Scandal envelops elections in Israel

For now, Likud dust-up pushes economy, security to campaign background

January 05, 2003|By Peter Hermann | Peter Hermann,SUN FOREIGN STAFF

JERUSALEM - With parliamentary elections less than a month away, Israeli voters might be excused for wondering if their political leaders have forgotten the Israeli-Palestinian conflict and the country's wobbly economy, the issues that were expected to dominate the campaign.

All attention is focused instead on a scandal said to involve money, sex and organized crime, all of it linked to the elections scheduled for Jan. 28.

Prime Minister Ariel Sharon's right-wing Likud Party is fending off allegations that some of its candidates bribed party officials to get their names on the ballot. The story has dominated news coverage of the campaign and includes allegations that payoffs included sexual favors.

Although campaigns here traditionally don't roar into action until televisions ads begin airing - in this case, Tuesday - candidates have canceled many events and are having trouble recruiting volunteers.

"We don't have a good mood right now to run out on the streets and convince people to vote for us," said Eli Moyal, a Likud activist and mayor of Sderot, a town in the northern Negev. "We can't smile now because we're in a big mess."

Ephraim Ya'ar, a political science professor at Tel Aviv University, said he expects a clearer campaign picture to emerge in the next week, based on developments along three fronts that he ranked in ascending order of importance: a possible American war in Iraq, the voting scandal and Palestinian violence.

Ya'ar put the scandal high on the list because voters "see it as undermining the foundation of Israeli democracy and of law and order." But, he warned, "in the political culture of Israel, the most important determinant is the issue of security."

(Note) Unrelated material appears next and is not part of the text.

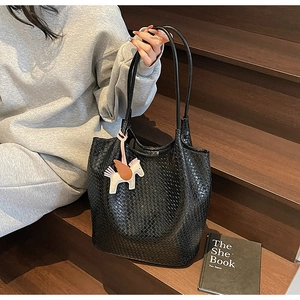 Detail of black woven tote bag with pegasus charm held by a model on wooden stairs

Polls show that if the elections were held today, the corruption allegations would cost Likud as many as nine of the 41 seats it was expected to win in the 120-member parliament. Voters choose parties, not candidates, and legislative seats are proportionally allocated based on the number of votes.

The left-of-center Labor Party led by Amram Mitzna, Sharon's biggest challenger, has been unable to capitalize on the scandal. Likud supporters are defecting not to Labor but to smaller parties, several of them to the right of Likud.

A poll published Friday by Yedioth Ahronoth forecast Likud winning 32 seats. It would be the largest party in parliament, but its ability to form a government without help from Labor is diminishing.

"The Likud Party will win," said Moyal, the party activist. "But it's not going to be the big win that we predicted. It's going to be sad and bitter. This corruption scandal will go with us through the next year, and we could crash."

The votes lost by Likud are being picked up by parties including Shinui, a centrist faction that criticizes the power of religious parties, and Shas, a religious party that trails only Likud and Labor in size and has played a major role in the rise and fall of previous governments. More than 10,000 Shas supporters filled a sports stadium in Tel Aviv last week, the largest rally held so far by any group in this campaign.

Labor leaders have met several times to try to revive their stalled campaign and sell their platform to a public battered by violence and largely unwilling to embrace Mitzna's proposal to resume negotiations with Palestinian leader Yasser Arafat.

The Yedioth poll found that among the Labor Party supporters it surveyed, only 17 percent believed the party had a chance of winning the election. Instead, the party is fighting to hold onto second place, using its campaign time to attack Shinui.

But volatile mood swings are common in Israeli politics, and the final few weeks could prove tumultuous. Any one of the three wild cards - war, scandal or Palestinians - could prove to be the decisive issue. The deteriorating economy also could play a major role. The government said that Israel is in its worst financial situation since the state was founded in 1948.

"What is revealed by the poll is that everything is still open," Yedioth reported Friday. "Whereas up until two weeks ago it seemed that the elections were all sewn up, that the winners and losers could be pointed out, now it is clear that nothing is final yet."

The newspaper said that there is a "feeling of disgust" within Likud and that the coming days will be critical for Labor. If the party does not gain ground, "they will have to take drastic measures," such as toughening its message into an ultimatum: support Labor or vote for a narrow right-wing ultra-Orthodox government.

Other parties are having problems as well, including the small factions representing Israeli Arabs. Israel's election committee has barred two of their candidates from running for office, saying that both have made speeches supporting Palestinian attacks on Israelis and questioning the legitimacy of Israel as a state. The candidates have appealed the ruling to Israel's Supreme Court, which is to rule this week.